Posted January 8, 2015, By the Annie E. Casey Foundation

Above: Photo credit: Richard Ross

As an update to its earlier publication, Two Decades of JDAI: From Demonstration Project to National Standard, the Foundation has released a progress report detailing the cumulative impact of the Juvenile Detention Alternatives Initiative (JDAI) nationwide. The new publication provides a history of the initiative, a description of its rationale and core strategies, an update on the status of replication efforts nationwide and the results achieved in participating jurisdictions. There also is a discussion of continuing challenges and future directions for the detention reform movement.

The report is chocked full of information. However, one piece of new data stands out: the detention facility operating cost savings realized by JDAI sites that have shuttered detention units or closed entire facilities thanks to the population reductions achieved through their detention reform efforts.

The report finds that as of 2013, 56 sites had reduced bed capacity in their detention facilities since entering JDAI. Together, these sites have closed or shuttered detention units with a combined total of 2,050 beds. That means fewer staff dedicated to secure detention, fewer meals, fewer maintenance costs… a whole lot of savings.

How much, exactly?  

While no credible national estimate of the average daily cost of detention has been calculated in recent years, an Internet scan of recently published detention cost estimates turned up annual costs ranging from $55,000 to $238,000 per bed, with a median of $82,000. Using a conservative range of $60,000 to $80,000 per year, JDAI sites are realizing $123 million to $164 million each year in reduced costs for secure detention, with a best guess estimate (at $70,000 per bed) of $143.5 million per year.

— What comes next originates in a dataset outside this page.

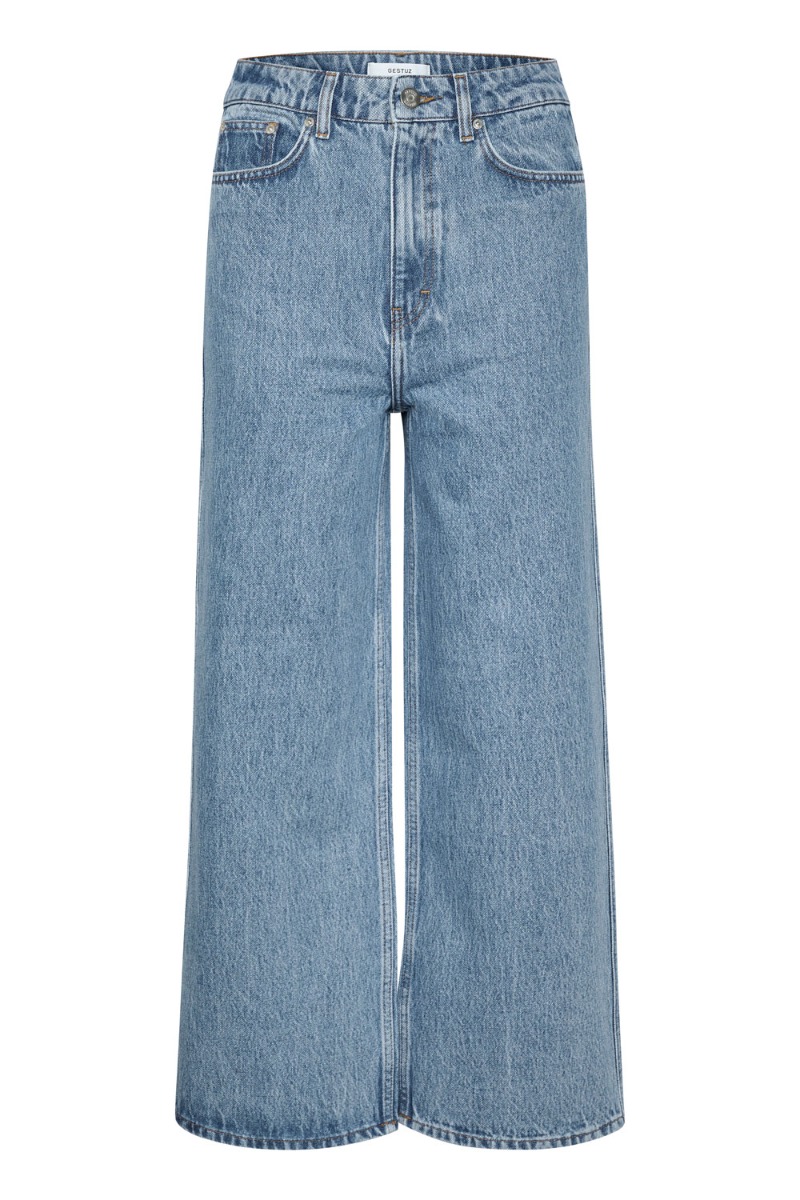 Jeans   Amber Hw Straight Culotte   Washed Mid Blue fra Gestuz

The savings have benefited JDAI jurisdictions in two ways. First, they have helped states and localities ease the dire fiscal crises they have faced since the recession emerged in 2009, limiting the need for cutbacks in essential programs and services. Second, many JDAI jurisdictions have reallocated funds saved by decommissioning detention facility beds to support more and better detention alternatives programming, dedicated staff for detention reform (such as site coordinators, case expediters and data specialists), and/or new programming aimed at improving their juvenile justice systems more broadly.

While none of the JDAI sites went into detention reform for the money, these savings are nonetheless proving a welcome windfall.